Huntington Beach is not, as you might first expect, just trying to cash in on the success of the two coastal cities to the south (Newport Beach and Laguna Beach) in luring hit TV shows (though we'd totally watch "Desperate Dudes of the O.C."). HB, you see, wants to be known as the one real Surf City, and it recently trademarked the slogan "Surf City USA" to make sure. Its credentials? Jan and Dean recorded "Surf City" in 1963, and Dean still lives in Huntington Beach. Then there's the annual world surfing championship and the surfing museum.
Santa Cruz is taking a much mellower approach to the conflict, despite its much bigger waves, matching surf museum and requisite contests. The legal spat and attendant publicity might be the best thing to ever happen to longtime beach shop Noland's on the Wharf. Suddenly those tacky tourist shirts are potential collector's items.
In this locals-only war over surfer territory, Huntington Beach gets points for being aggro enough to obtain a trademark, while Santa Cruz scores for showing more of a surfer's laid-back 'tude. Huntington Beach is relentlessly commercial and buzz-cut; Santa Cruz is relentlessly New Age and long-haired. So which one is the real Surf City?
Not to sound like we're equivocating, but there are at least two of them.
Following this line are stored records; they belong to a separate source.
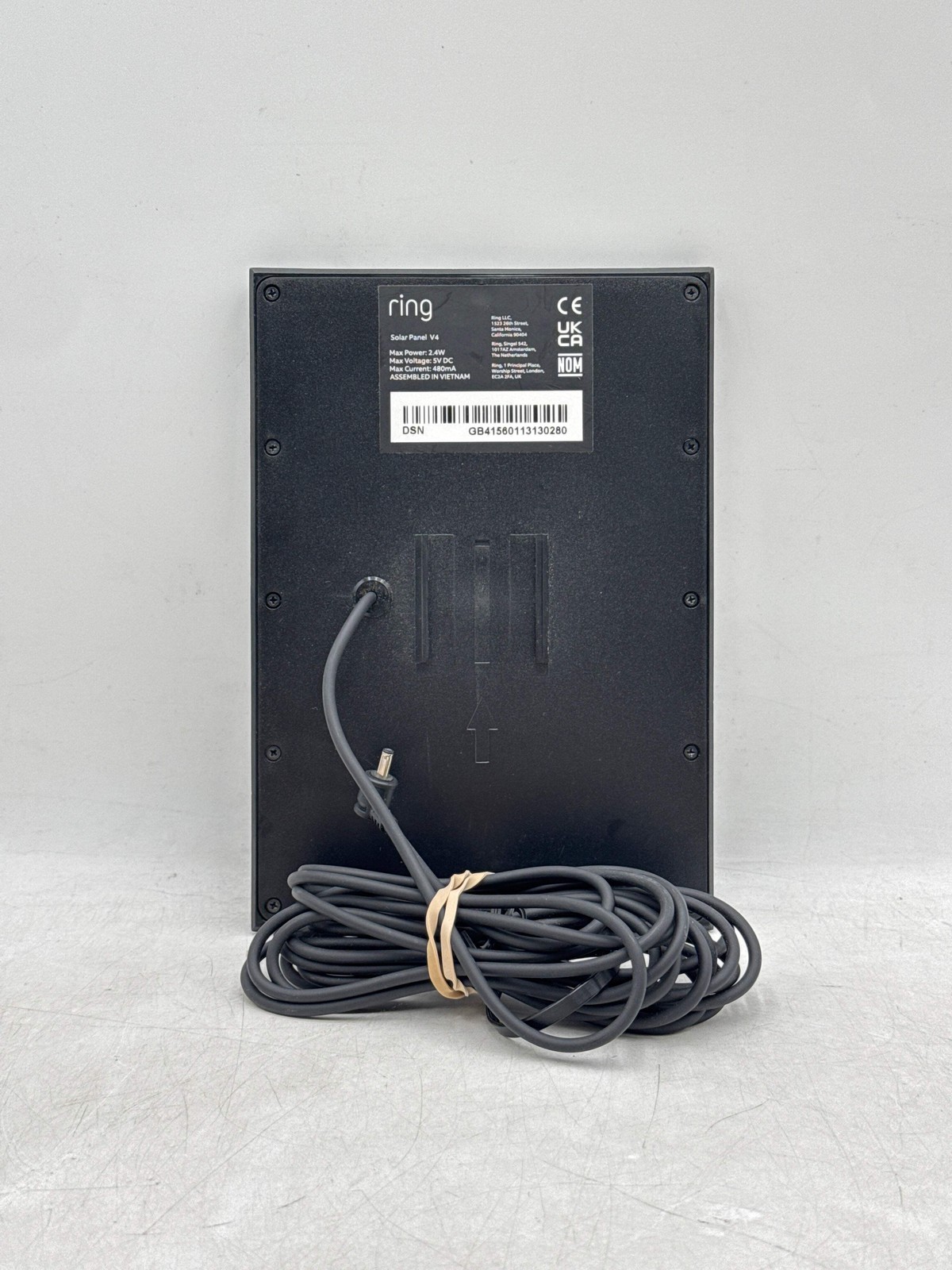 Ring Solar Panel Charger for Spotlight Camera Battery Stick Up Cam 8ASPS7-BEN0
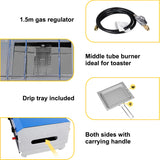 CAMPLUX Portable Camping Stove with Legs 2 Burner Gas Grill Butane BBQ Stove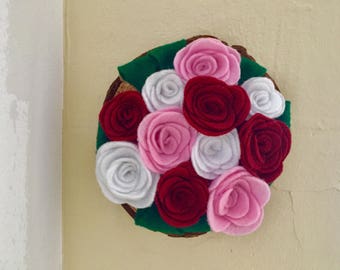 Rose Felt Wall Hang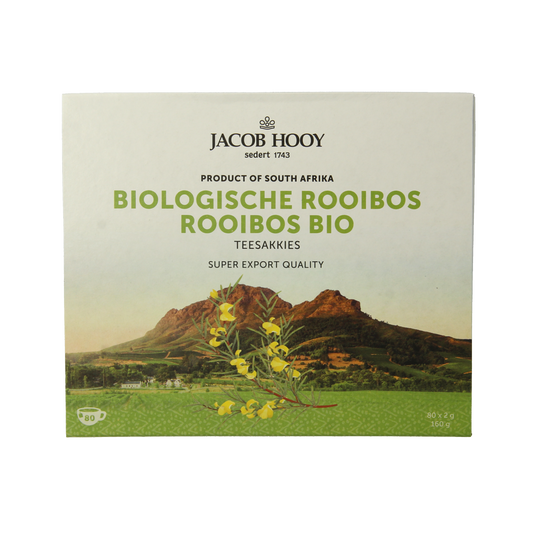 Jacob Hooy Rooibosthee sakkies bio 80.00 Zakjes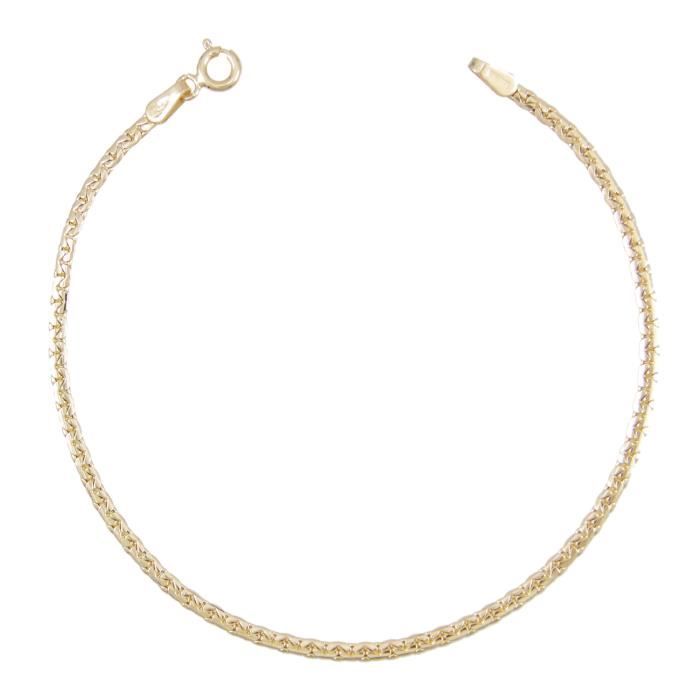 Les Bijoux d'Emma - Bracelet Maille Haricot - OR 9CT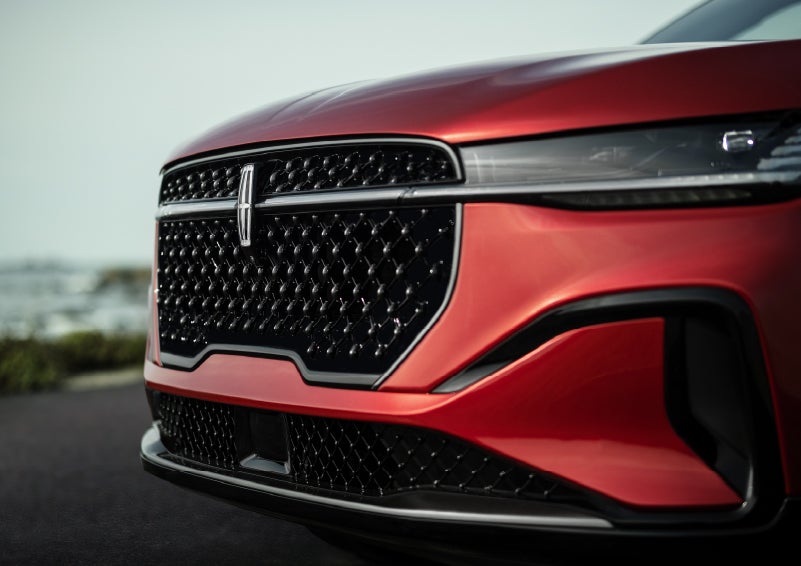 The sleek grille of a 2026 Lincoln Nautilus® SUV with the available Jet Appearance Package makes a bold statement. | North Park Lincoln in San Antonio TX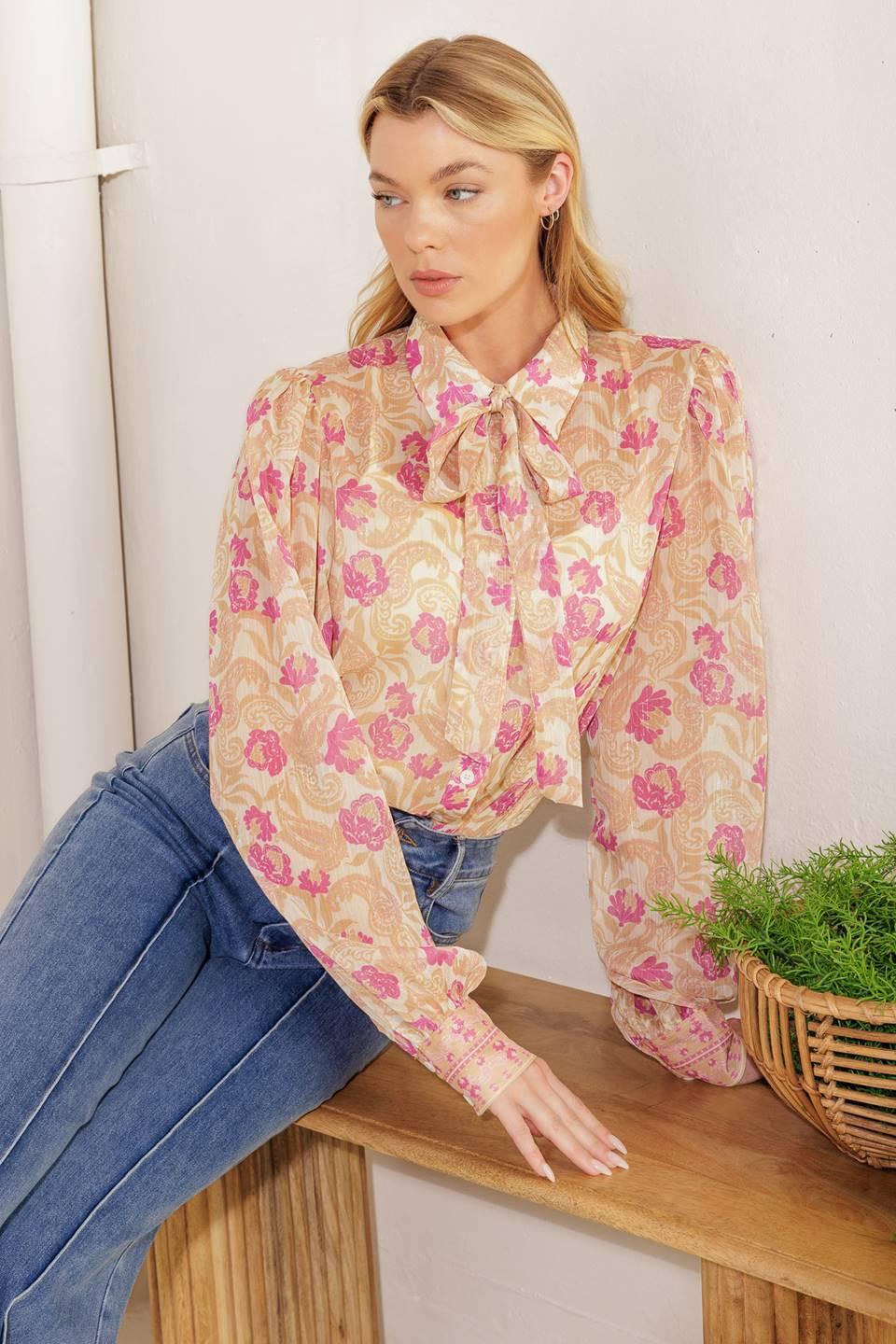 AGAINST THE ODDS WOVEN TOP Flying Tomato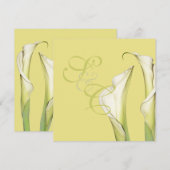 Calla lilies, bruiloft kaart (Voorkant / Achterkant)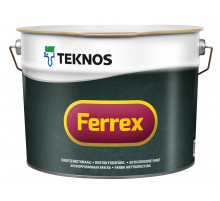 Краска Феррекс серый 10/10л Teknos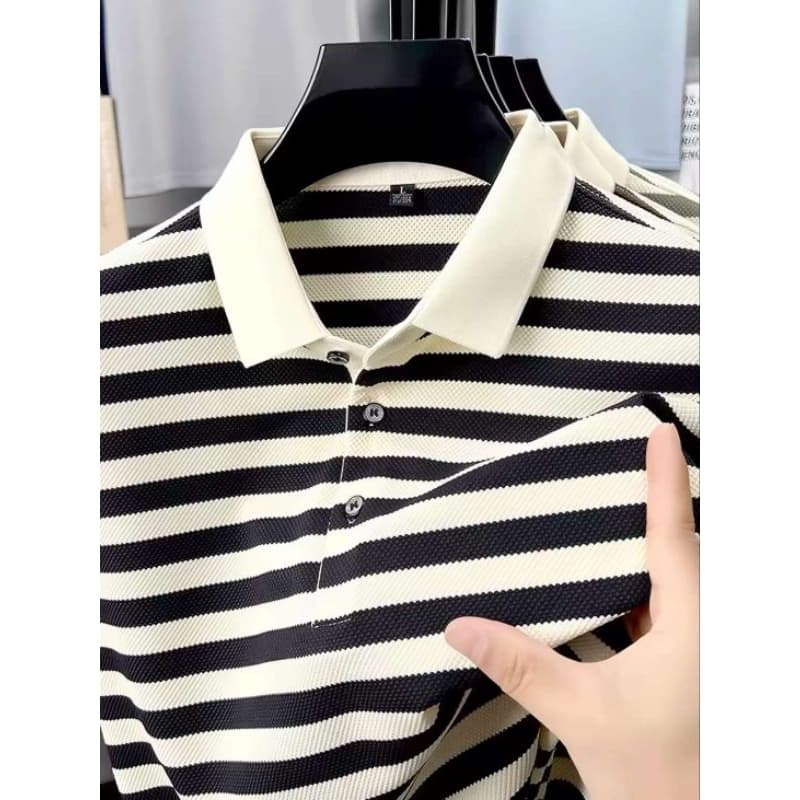 Polo Masculino Listrada Manga Curta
And neither is in California.
There's Surf City, N.C. &emdash; yes, that's its official, postmarked name &emdash; where the big issue these days isn't commercial rights but the need for a new post office. And, of course, the town that Jan and Dean probably never meant: Surf City, N.J.
Others also have some claim on the name. The Honolulu Advertiser recently referred to its hometown as Surf City. The Yakutat, Alaska, City Council passed a resolution that identified the town as "Surf City Alaska," a state-centric solution Huntington Beach apparently hasn't thought of yet.
As for the prize for most original
location, it's a tie. Surf City Squeeze, a chain of smoothie
outlets, is headquartered in Scottsdale, Ariz., hundreds of
miles from the nearest waves. (A desert rat can dream.) But
it has to fight for its title with, well, Surf City, a
trademarked auto washing business in Toledo, Ohio. We just
hope the car washers don't come threatening any T-shirt
stores in Huntington Beach.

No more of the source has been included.